The Securities and Exchange Commission announced Monday its first enforcement action as a result of the agency’s data-driven initiative to detect advisors’ fraudulent trade allocations known as cherry picking.
The agency brought fraud charges Monday against a Wisconsin-based investment advisory firm and its owner accused of improperly allocating to his personal and business accounts certain options trades that appreciated in value during the course of a trading day while allocating to his clients other trades that depreciated in value.
Under the data-driven initiative, economists in the agency’s Division of Economic and Risk Analysis along with enforcement investigators analyze large volumes of investment advisors’ trade allocation data to detect whether the advisor is disproportionately allocating profitable trades to favored accounts. The cherry picking initiative is being led by the Asset Management Unit and the regional offices in Boston and Los Angeles.

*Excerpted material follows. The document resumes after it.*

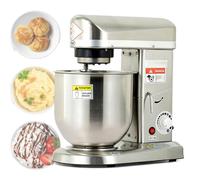 Batidora de pie eléctrica para masa, comercial con recipiente de acero inoxidable de 10 l, batidora de cocina de 3 velocidades, incluye batidor de huevos, gancho para masa y batidor para uso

In the Monday action, the SEC Enforcement Division alleges that Mark P. Welhouse purchased options in an omnibus or master account for Welhouse & Associates Inc. and delayed allocation of the purchases to either his or his clients’ accounts until later in the day after he saw whether or not the securities appreciated in value.
Welhouse allegedly reaped $442,319 in ill-gotten gains by “unfairly allocating options trades in an S&P 500 exchange-traded fund named SPY,” the SEC states. His personal trades in these options had an average first-day positive return of 6.28%, while his clients’ trades in these options had an average first-day loss of 5.05%.